Radunske feels that his game is well
balanced and because he has experience playing anywhere up front, his
versatility makes him a better player too.


“I’d like to think that I’m a good all
around player,” began the Spartan.  “I
have good hands for my size, I grew up playing center so I think that one of my
stronger aspects is my playmaking skills. 
Every team that you go to you’re going to have a role that you are asked
to play and I think one of my strengths is that I can play a lot of different
roles.  I’ve played both wings this year
and I grew up playing center so I think I could fit into a lot of different
situations quite nicely.”


It sounds as though Radunske is the
complete package.

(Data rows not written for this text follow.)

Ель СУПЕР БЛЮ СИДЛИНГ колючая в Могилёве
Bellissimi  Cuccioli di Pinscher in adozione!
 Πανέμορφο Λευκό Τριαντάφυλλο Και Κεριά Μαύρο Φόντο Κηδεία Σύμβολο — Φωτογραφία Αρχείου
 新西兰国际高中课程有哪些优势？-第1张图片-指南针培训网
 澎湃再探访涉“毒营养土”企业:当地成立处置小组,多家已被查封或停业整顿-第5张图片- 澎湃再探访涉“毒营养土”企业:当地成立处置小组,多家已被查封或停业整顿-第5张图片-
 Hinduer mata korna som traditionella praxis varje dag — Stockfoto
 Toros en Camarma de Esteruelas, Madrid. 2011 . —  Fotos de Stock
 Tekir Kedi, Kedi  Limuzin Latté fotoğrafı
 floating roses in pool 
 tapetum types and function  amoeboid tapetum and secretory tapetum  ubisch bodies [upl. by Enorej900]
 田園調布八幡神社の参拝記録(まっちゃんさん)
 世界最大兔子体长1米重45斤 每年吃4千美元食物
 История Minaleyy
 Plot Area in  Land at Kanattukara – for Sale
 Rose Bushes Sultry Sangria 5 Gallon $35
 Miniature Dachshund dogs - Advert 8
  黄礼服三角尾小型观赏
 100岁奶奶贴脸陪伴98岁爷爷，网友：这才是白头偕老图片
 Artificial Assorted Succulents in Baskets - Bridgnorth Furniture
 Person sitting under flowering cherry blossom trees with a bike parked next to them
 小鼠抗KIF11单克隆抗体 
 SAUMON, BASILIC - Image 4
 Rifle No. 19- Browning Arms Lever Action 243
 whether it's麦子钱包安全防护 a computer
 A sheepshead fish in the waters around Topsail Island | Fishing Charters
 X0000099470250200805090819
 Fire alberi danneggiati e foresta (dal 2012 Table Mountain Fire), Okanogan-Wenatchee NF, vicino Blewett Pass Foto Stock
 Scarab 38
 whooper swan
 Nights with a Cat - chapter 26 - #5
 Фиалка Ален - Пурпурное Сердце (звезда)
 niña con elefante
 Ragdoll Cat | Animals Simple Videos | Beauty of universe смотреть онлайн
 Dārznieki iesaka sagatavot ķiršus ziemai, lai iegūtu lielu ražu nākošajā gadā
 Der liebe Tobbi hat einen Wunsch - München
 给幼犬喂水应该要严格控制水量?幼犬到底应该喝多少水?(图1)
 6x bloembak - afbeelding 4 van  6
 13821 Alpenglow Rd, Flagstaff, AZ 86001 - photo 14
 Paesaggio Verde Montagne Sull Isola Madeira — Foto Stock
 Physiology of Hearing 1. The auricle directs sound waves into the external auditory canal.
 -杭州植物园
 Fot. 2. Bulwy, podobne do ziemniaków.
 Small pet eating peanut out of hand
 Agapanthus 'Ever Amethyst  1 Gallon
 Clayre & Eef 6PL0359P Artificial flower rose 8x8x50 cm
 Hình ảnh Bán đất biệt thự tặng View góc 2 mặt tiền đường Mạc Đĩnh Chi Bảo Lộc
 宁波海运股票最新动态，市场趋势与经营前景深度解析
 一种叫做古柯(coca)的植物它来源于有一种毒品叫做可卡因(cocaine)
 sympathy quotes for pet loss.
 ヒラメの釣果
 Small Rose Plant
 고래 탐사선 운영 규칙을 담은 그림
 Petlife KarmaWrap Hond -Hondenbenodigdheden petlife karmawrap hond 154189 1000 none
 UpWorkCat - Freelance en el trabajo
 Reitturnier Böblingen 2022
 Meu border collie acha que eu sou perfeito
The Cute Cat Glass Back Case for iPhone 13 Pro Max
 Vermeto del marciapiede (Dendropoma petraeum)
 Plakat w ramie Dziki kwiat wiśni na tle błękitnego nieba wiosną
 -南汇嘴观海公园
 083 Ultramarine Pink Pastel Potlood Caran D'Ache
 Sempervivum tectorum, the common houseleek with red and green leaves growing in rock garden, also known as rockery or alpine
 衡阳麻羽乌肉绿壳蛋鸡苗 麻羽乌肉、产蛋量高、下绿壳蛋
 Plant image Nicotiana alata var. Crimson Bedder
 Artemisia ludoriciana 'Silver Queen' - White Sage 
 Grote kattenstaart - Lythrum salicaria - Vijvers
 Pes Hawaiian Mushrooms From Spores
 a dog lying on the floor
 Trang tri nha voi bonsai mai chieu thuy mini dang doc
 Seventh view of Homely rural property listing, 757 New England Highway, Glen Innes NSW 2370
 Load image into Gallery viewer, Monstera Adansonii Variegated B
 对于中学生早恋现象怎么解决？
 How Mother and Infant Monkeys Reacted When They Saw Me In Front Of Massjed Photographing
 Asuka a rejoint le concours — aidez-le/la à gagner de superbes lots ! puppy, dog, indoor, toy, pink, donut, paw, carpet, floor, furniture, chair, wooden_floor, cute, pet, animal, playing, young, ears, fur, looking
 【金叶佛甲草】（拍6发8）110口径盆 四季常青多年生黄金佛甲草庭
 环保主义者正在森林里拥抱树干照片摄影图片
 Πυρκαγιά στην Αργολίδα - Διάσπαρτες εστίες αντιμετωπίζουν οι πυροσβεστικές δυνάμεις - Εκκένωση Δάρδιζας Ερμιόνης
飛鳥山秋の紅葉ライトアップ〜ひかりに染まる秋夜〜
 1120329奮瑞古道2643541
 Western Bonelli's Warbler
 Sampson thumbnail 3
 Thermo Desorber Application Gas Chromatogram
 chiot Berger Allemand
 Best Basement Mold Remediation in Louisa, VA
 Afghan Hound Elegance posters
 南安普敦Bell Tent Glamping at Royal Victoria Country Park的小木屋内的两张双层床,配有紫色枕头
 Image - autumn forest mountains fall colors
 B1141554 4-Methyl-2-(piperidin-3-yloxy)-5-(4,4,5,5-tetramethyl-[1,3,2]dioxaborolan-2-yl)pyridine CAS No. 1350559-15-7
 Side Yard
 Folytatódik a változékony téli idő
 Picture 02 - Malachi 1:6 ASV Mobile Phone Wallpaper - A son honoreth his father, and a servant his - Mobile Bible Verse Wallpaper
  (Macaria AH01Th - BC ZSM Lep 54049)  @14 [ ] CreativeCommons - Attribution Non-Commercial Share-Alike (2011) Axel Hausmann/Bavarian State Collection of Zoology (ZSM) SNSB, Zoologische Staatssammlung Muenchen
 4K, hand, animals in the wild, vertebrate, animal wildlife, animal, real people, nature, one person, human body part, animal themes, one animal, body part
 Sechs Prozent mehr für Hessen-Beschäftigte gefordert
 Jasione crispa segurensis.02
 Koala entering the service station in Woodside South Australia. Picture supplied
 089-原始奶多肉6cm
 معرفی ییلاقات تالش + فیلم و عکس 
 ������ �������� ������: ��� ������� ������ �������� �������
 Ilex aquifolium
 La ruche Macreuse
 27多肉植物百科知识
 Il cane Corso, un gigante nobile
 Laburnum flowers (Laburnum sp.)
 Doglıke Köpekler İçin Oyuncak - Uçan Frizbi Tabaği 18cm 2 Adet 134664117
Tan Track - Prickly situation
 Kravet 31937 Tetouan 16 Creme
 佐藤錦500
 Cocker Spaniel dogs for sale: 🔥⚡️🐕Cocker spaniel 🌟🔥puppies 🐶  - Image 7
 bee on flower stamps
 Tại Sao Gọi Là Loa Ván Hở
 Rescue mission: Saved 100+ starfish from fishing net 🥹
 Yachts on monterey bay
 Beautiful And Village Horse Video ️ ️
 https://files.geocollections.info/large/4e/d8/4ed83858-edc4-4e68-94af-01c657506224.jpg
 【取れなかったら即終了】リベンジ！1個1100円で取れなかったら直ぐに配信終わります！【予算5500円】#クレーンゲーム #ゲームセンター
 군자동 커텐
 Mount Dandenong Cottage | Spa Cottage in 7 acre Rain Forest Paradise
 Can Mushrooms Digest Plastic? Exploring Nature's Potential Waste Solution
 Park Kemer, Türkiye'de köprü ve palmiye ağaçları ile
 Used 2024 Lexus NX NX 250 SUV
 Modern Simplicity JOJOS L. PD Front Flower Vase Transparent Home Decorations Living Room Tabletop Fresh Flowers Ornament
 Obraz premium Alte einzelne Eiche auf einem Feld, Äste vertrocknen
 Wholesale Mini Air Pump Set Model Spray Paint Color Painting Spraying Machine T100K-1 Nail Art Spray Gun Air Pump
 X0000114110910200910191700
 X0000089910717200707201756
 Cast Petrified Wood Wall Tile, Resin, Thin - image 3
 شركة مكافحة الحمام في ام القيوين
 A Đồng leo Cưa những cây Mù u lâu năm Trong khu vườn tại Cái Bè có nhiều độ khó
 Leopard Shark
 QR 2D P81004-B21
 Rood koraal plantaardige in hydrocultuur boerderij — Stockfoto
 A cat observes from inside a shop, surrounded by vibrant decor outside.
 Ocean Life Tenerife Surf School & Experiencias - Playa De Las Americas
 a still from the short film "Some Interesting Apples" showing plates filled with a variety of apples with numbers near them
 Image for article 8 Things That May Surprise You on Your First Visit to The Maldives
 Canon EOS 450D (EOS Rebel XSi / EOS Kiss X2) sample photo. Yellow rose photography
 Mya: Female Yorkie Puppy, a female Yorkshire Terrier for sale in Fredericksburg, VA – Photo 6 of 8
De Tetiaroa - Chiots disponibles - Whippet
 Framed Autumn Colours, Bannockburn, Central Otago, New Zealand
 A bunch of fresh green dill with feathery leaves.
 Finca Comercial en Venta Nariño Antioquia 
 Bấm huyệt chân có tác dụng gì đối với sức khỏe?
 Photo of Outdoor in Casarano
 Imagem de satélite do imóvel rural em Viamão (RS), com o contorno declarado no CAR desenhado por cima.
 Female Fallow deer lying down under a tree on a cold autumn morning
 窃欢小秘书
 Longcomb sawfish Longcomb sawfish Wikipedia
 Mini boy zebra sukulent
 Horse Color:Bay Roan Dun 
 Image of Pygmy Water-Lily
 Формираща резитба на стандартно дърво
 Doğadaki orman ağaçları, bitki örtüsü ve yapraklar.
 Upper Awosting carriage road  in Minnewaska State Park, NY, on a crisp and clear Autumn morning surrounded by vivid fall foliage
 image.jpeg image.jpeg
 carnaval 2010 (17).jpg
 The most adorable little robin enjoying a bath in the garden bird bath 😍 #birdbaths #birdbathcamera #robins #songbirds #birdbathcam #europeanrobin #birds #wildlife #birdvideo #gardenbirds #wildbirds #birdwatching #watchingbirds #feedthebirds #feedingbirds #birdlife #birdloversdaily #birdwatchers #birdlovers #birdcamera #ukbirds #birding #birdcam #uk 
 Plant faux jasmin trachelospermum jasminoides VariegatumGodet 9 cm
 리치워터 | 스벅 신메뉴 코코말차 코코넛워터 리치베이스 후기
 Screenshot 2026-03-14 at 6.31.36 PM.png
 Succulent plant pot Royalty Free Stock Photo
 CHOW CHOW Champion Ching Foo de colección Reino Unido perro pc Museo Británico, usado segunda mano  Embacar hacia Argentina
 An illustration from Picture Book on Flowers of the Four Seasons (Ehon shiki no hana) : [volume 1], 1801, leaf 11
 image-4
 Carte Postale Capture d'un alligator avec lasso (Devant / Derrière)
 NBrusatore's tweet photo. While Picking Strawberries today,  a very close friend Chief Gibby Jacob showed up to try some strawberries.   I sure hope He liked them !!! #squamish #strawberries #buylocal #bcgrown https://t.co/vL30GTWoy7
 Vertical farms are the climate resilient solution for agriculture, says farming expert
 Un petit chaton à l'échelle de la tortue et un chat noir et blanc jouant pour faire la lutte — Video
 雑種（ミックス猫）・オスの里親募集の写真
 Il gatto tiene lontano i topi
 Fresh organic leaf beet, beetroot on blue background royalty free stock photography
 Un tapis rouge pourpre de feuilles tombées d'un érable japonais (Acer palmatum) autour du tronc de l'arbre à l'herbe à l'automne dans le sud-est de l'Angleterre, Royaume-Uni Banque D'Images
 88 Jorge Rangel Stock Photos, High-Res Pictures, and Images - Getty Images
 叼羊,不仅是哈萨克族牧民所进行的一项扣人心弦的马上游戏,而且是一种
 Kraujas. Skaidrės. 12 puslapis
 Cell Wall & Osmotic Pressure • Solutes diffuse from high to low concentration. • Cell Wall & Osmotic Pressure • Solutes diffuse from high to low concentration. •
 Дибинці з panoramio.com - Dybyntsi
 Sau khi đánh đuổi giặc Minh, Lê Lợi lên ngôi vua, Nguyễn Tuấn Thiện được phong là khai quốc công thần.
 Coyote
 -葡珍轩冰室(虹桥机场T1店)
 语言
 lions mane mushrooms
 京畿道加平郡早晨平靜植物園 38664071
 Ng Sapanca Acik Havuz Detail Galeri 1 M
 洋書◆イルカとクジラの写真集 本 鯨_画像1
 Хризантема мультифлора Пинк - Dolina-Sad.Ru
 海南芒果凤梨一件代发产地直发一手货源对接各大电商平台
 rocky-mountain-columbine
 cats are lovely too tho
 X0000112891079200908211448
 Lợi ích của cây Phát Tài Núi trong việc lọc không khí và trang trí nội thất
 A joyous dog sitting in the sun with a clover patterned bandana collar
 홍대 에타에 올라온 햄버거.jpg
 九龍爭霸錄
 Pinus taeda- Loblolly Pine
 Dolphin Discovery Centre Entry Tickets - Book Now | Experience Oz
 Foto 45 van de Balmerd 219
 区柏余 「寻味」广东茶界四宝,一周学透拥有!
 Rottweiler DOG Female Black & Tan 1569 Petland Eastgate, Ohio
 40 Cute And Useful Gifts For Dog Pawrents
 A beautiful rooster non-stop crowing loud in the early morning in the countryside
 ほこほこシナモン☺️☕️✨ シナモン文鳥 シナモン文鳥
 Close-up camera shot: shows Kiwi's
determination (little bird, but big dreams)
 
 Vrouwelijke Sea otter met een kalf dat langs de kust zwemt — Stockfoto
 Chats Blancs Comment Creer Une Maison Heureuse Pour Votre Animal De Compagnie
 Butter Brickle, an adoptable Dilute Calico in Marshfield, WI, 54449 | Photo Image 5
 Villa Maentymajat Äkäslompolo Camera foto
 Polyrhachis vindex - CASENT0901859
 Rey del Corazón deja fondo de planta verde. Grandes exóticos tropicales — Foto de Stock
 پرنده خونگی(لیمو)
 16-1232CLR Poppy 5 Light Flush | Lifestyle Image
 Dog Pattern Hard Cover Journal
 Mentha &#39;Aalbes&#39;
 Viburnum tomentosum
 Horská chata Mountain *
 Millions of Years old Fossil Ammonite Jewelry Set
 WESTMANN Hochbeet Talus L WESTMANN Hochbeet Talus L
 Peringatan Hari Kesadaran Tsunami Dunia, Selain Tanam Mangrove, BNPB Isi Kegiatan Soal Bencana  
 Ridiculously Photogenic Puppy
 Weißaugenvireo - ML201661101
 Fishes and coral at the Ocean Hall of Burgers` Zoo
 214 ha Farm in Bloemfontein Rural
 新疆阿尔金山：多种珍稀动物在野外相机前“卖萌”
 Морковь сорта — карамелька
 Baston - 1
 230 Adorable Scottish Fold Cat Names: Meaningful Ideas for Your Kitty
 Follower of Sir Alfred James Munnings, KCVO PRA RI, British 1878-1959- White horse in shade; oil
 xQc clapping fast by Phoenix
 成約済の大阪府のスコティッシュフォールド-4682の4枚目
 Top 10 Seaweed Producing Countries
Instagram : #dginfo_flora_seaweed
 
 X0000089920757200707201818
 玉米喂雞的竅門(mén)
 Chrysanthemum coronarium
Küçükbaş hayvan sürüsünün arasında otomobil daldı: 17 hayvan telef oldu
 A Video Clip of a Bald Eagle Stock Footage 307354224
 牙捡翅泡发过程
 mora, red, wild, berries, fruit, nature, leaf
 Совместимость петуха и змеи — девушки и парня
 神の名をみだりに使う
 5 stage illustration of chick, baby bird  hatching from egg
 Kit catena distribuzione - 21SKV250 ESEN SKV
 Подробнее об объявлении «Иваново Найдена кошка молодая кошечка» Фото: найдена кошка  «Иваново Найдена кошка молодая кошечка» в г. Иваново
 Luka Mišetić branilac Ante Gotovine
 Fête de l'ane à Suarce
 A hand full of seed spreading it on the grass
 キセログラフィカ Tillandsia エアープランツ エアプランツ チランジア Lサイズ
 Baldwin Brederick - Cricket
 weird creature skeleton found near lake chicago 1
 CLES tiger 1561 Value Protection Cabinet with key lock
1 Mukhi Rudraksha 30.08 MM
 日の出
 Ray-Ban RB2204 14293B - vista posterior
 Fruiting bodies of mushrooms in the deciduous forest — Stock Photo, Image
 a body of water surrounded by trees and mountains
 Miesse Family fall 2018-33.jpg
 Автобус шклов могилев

However, as it is with every player there is at least one
area where a need for improvement exists and with Radunske, it’s consistency.


“Brock Radunske is an enigma right now,”
described Michigan based Oiler scout Bob Mancini.  “He could, in one period, be the worst player on the ice or the best.  Looking at it, as the glass is half full, I
guess it’s really a good thing because Brock is showing that he has ability and
He has made some improvements to his game but
his biggest hurdle is to use his size more effectively and to play with
more consistency.”


To his
credit, Radunske agrees with that criticism and knows he must address those
areas of his game on top of other things he wants to improve.


I’d say that’s a fair assessment,” Radunske agreed after hearing the
scouting report on him.  “I think
consistency is one of the harder things to achieve in today’s game.  To be consistent night in and night out, if
I could put good games together back to back to back, that would probably be
something that would mean I’m ready to make the next jump to the next level.”


“I’d say my main focus right now is to
get stronger and put on weight so I can have a bigger physical presence night
in and night out because I think that’s what will be asked of me in the future,”
continued the winger who is on pace to having his best college season


Nicknamed “Brocko” since he was a
youngster, Radunske says he grew up in an athletic family and that sports have
always been a major focus in his life. 
There is a sister playing university level basketball in Buffalo right
now, a sport which Radunske played until he the time came when he had to make
the choice to concentrate on hockey.


Currently enrolled as a communications
major, Radunske jokingly suggests that he’s preparing for his broadcasting
career for when his playing days are done.


“I guess I can make the easy transition
then,” he laughed.


The Oilers have Radunske on their radar
and hope to see continued development from the player as he completes this
season and graduates from college next year. 
Radunske plans on turning pro for the 2005-06 season and would almost
assuredly be pencilled in for the AHL at that time.


Edmonton fans will get their next chance
to see Radunske in person at this summer’s prospect camp in Sherwood Park.